Bardzo istotny jest fakt, że nasza pamięć podlega także silnemu wpływowi środków masowego przekazu i mediów społecznościowych. Zwłaszcza media społecznościowe powodują, że „rozróżnienie między pamięcią publiczną a prywatną (…) zostało rozmyte do granic zaniku”. Media społecznościowe nie od dziś oskarża się o polaryzację poglądów społecznych. A ponad wszelką wątpliwość wspierają one wszystkie poglądy lewicowe i wizję historii oraz wizję świata promowaną przez lewicę. Konsekwencje takiego rozwoju wydarzeń są poważne – coraz szersze grupy społeczne budują swoją tożsamość o fałszywą wersję społecznej pamięci. Być może dlatego komunizm jest znowu w modzie?  

I jeszcze kilka ciekawostek, które mam nadzieję, zachęcą Was do przeczytania książki. 

– Nikt nie może mieć wiernych wspomnień z okresu niemowlęcego i wczesnego dzieciństwa. Terapie stosujące tak zwaną regresję to terapie, które wszczepiają nieprawdziwe wspomnienia. 

– Nasz pamięć „operacyjna”, krótkotrwała może przechowywać tylko około 4-5 elementów i to przez okres około 30 sekund. Nie możemy pracować wielozadaniowo – to popularny mit.

– Są skuteczne techniki pomagające polepszyć zdolność do zapamiętywania.

– Nie nauczysz się języka obcego podczas snu. Niestety. 

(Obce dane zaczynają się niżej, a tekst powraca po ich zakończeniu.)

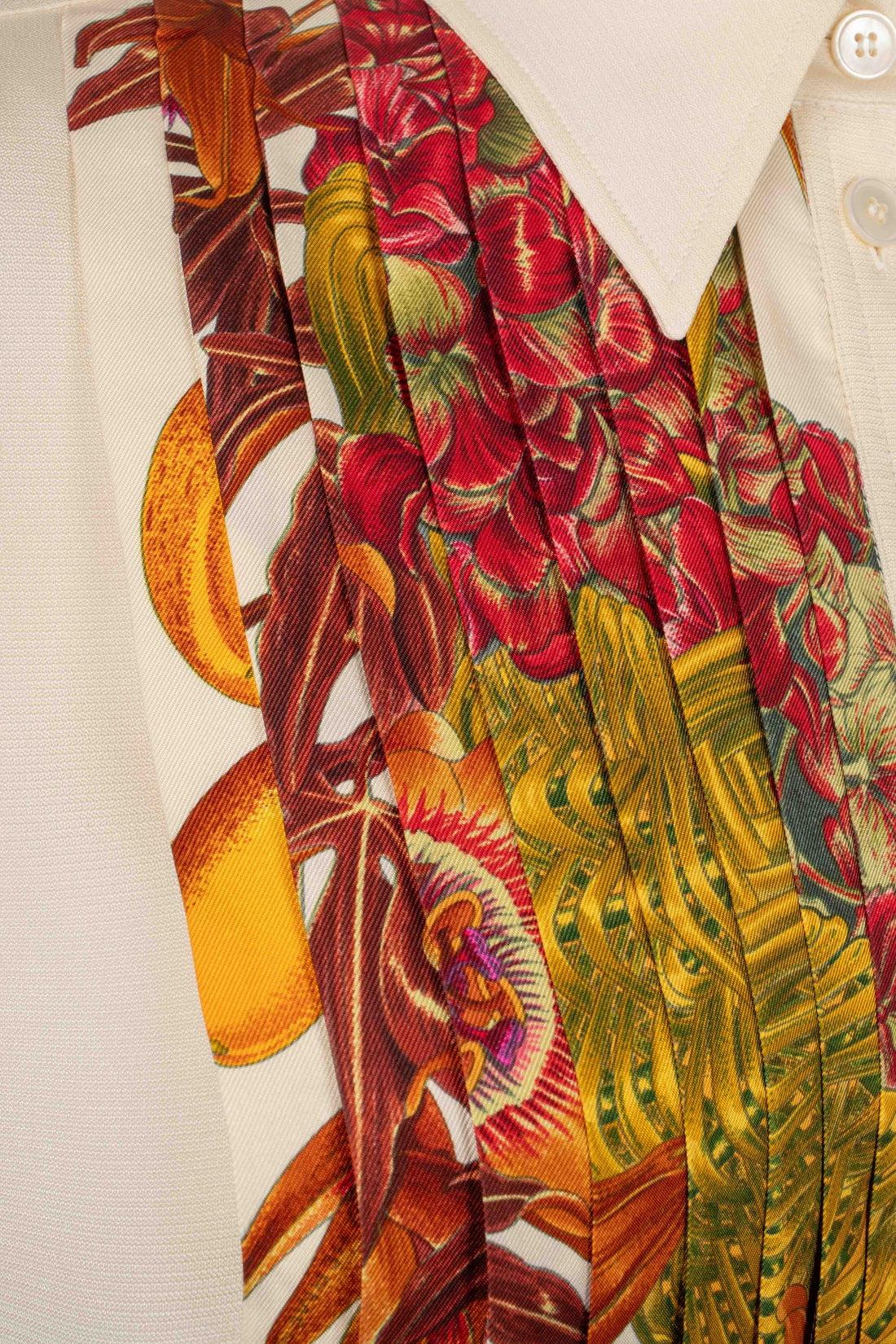 Hermès 'Passion Flowers' Silk Blouse, 1996 For Sale 2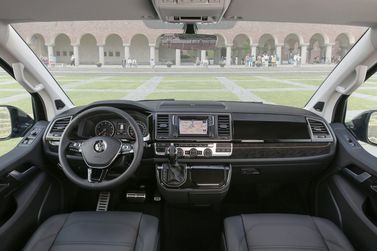 Volkswagen Multivan T6، ميني فان — لوحة القيادة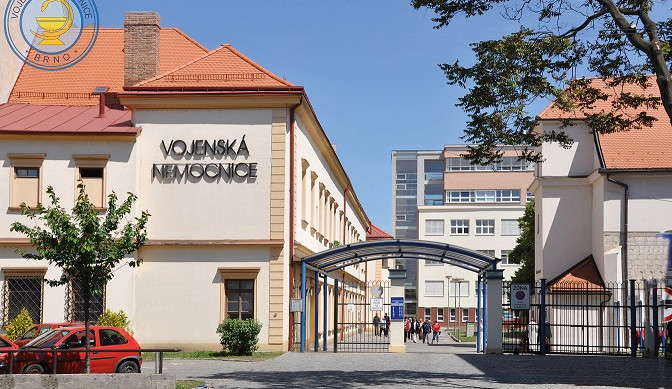 Vojenská nemocnice Brno zakázala návštěvy kvůli pacientům s covidem-19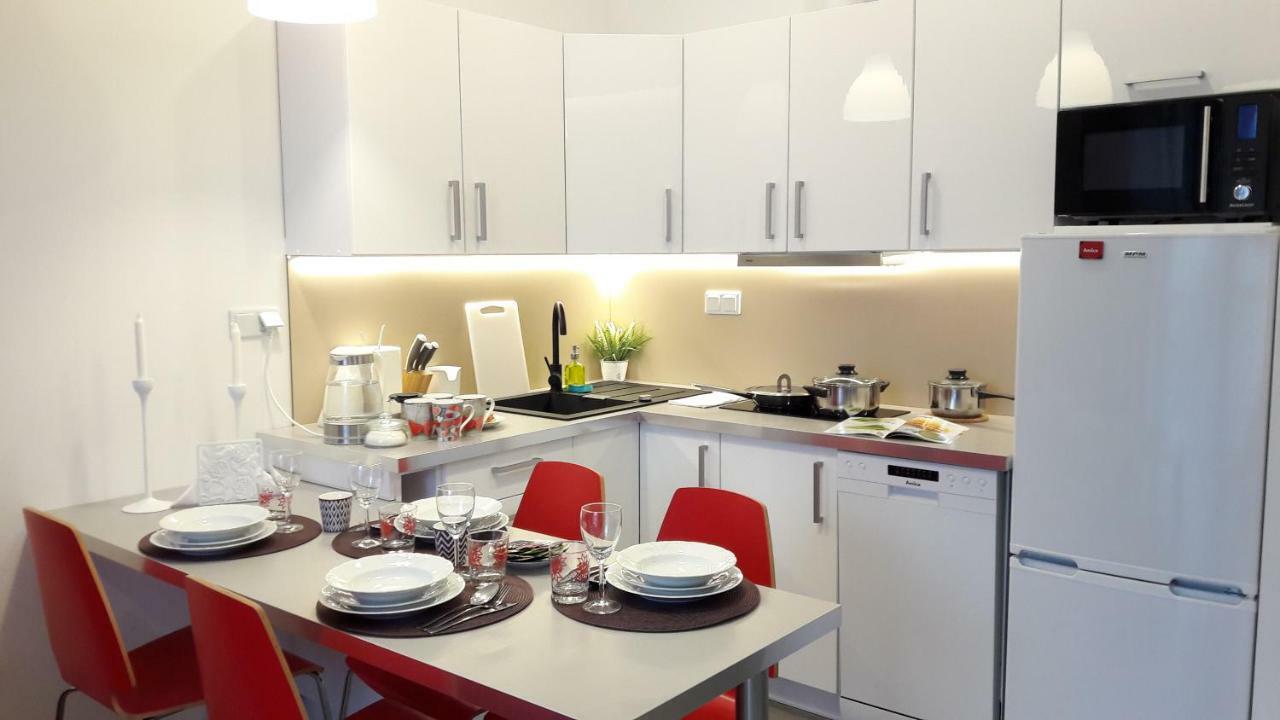 Newburg Apartments Wolska ワルシャワ エクステリア 写真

– Pomoc psychologiczna udzielana osobom po wydarzeniach kryzysowych (często o tym słychać w mediach po różnych wypadkach) najczęściej tylko pogarsza sytuację. Nie tylko nie jest potrzebna, ale wręcz szkodliwa. 

Krótka konkluzja po przeczytaniu książki – nie upieraj się, że jesteś czegoś z przeszłości całkowicie pewien. Pewne jest tylko to, że możesz się grubo mylić. I koniecznie przeczytajcie książkę „Oszustwa pamięci”!

Pranie mózgu

Pranie mózgu

Dzisiaj „pranie mózgu”! Tytuł wpisu bezpośrednio zapożyczony z tytułu książki, do przeczytania której chciałbym zachęcić. Ta książka to „Pranie mózgu. Uwodzicielska moc (bezmyślnych) neuronauk” autostwa Sally Sattel i Scotta O. Lilienfedla wydana w 2017 roku przez wydawnictwo CIS Stare Groszki. Sally Sattel jest profesorem psychiatrii, a Scott O. Lilienfeld profesorem psychologii. Autorzy poruszają znany także w Polsce problem mody na określanie wielu sfer aktywności z dodatkiem magicznego słówka „neuro”. Mamy więc teraz wysyp różnych teorii neurodydaktycznych , mamy neuromarketing, neuroprzywództwo, neurokosmetykę i neurodrinki. Co chcecie może być neuro. Do odkryć w badaniach nad mózgiem zaczynają się odwoływać co rusz nowi „wynalazcy”. Modzie na neuro poświęcona była pierwsza część opisywanej już przeze mnie książki „Psychopedagogiczne mity”, w której Tomasz Garstka zdemistyfikował popularne i nie mając oparcia w dowodach, a znane w edukacji zajęcia z Kinezjologii Edukacyjnej, terapii integracji sensorycznej SIT, NLP (neurolingwistycznego programowania) czy neurodydaktyki. Warto do tamtej książki wracać.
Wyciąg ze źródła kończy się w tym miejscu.